俺が責任をとる!・・・もっと良い言い方はないものか。意思決定フローにおける責任とは何を意味するのか。①失敗したときに叱られる、②失敗して損失が出たら補填する、③成功する確信がある、④リスク(不確実性)を許容する、⑤失敗しても詰めない・・・ほかにもいろいろありそうだ。①は当然だとして、②の金銭負担はサラリーマンができるものではない、③の確信を得たからこそ承認するというのが最もしっくりくる、④もやってみなければ分からない(これ以上、考えても分からない)、勝算がある場合の判断として妥当だ、⑤は背中を押すといったところか。

意見が割れるシーンだと「(他者ではなく)私に承認権限がある」といった使われ方をする。ヒエラルキーの上位者だったり、職権の主張と理解できる。「権限」という言葉は、どこかエラそうな響きを伴うが、成功する(失敗しない)責任あるいは義務と表現した方が実態を表している。否決することも立派な判断である。蛮勇で承認ボタンを押下してはいけない。

権限規程や稟議/決裁制度を社内に落とし込むとき、このあたりの意味合いを理解してもらうのが難しい。出世して権限を得たことを喜ぶのは素直な気持ちだ。
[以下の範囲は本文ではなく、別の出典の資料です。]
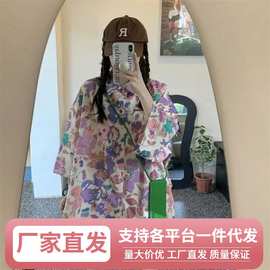 Wz撞色花朵印花短袖衬衫女夏季2024新款宽松显瘦学生百搭扎染衬衣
しかし権限者が天狗になっては困る。上位者としての大胆さと思慮深さを合わせ持ってほしい。「承認行為は承認した者に責任が移ると思ってほしい」「権限とは成功する責任/義務のことだ」と説いて回った。ワークフローであれば部下が起案して、課長がチェック、部長が承認するといった流れになる。部下から課長へ、課長から部長へ責任が移るイメージを訴えた。

経理や法務といったコーポレート部門が審査に絡むこともある。営業部門と管理部門を対峙させ内部牽制を効かせる仕組みだ。営業パーソンは「経理は頭が固い」と憤り、経理パーソンは「営業は無茶ばかり」と嘆くものだが、この関係は内部統制の一環なんだとお互いに理解していれば、多少はストレスが軽減するはずだ。

常勤監査役に多くを教わった。事業会社の社長をされていた方で、DXとか脱ハンコといった次元を超えて普遍的な要諦を説かれていた。「バッドニュースは早く上位者に報告しろ。裁量が大きくなれば処理できる(別件で穴埋めできたりする)」と言われて合点がいったものだ。稟議は合議制の書面版として運用する、決裁は迅速な業務執行のため権限者の承認をもって行うなど、先人の知恵に気づかさせることがある。上司も部下も社内ルールをうまく使いこなしたいものだ。魂の入った・血の通った意思決定フローがある会社は強い。